Forms of curriculum

The whole curriculum

A conception of the overall curriculum with particular concern for its coherence and for the inter-relationship of subjects.

Subject study

Classroom work which focuses on discrete subject content, perhaps to maximise progression in teaching and learning.

Project work

Classroom work which reaches across subjects in an attempt to maximise the relevance and coherence of teaching and learning activities.

Extra-curricular activities

Activities which take place, often run by teachers, outside the time which is officially allocated for classroom work.

The hidden curriculum

A conception of all the things that are learned at school beyond the overt curriculum of subjects, for instance about values, interpersonal relationships and behaviour in the classroom and in the school as a whole and in respect of issues such as gender, social class, ethnicity and ability.

The National Curriculum

The knowledge, skills, concepts and attitudes which it is laid down by statutory orders following the Education Reform Act, 1988, that children in maintained schools should be taught.

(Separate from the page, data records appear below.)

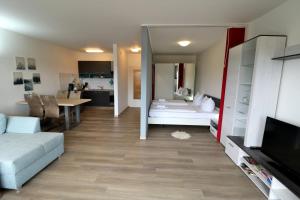 Postel nebo postele na pokoji v ubytování Apartment C46 "Valentine" im Haus Feldbergblick, Lenzkirch, Hochschwarzwaldkarte, Innenpool, Sauna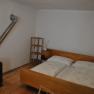 A simply furnished bedroom with double bed, bedside tables, shelf and stove.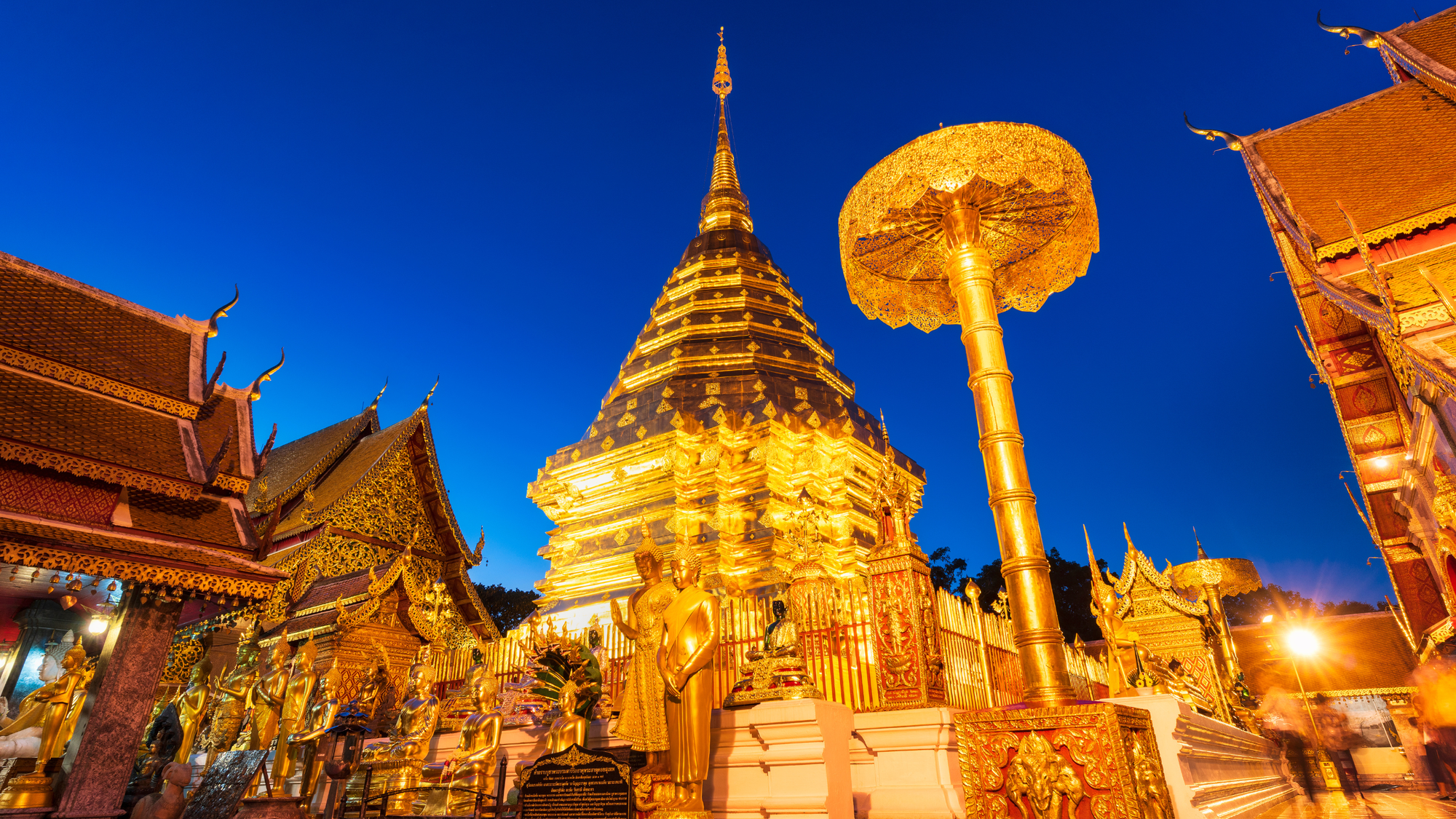 inside of a temple complex where all of the interior as well as the temples are a bright shiny gold color. 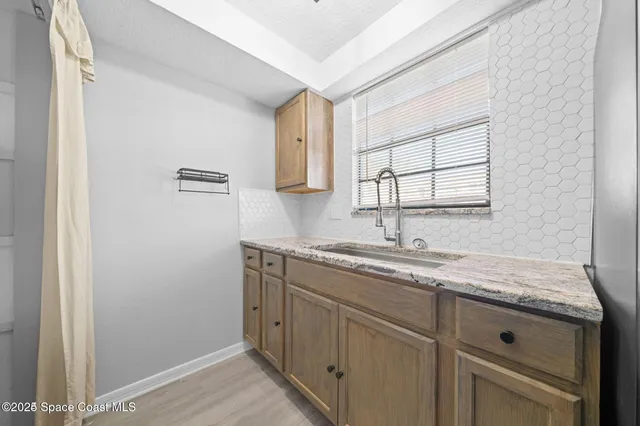 a kitchen with granite countertop cabinets sink and window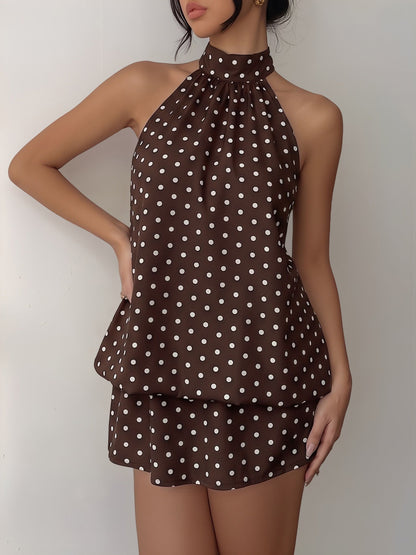 Coffee - Woman modeling a sleeveless halter neck mini dress with a polka dot print and blouson top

National Literacy Strategy (NLS)

The national literacy strategy is a government initiative designed to raise standards in English in primary literacy. Whilst it is non-statutory, most pupils in England experience a daily literacy lesson.

National Numeracy Strategy (NNS)

The national numeracy strategy is a government initiative designed to raise standards in numeracy in English primary education. As with the literacy strategy it is non-statutory but very widely adopted.

Early Learning Goals (ELGs)

These are part of the foundation stage and are concerned with the specification of objectives for children aged 3-5.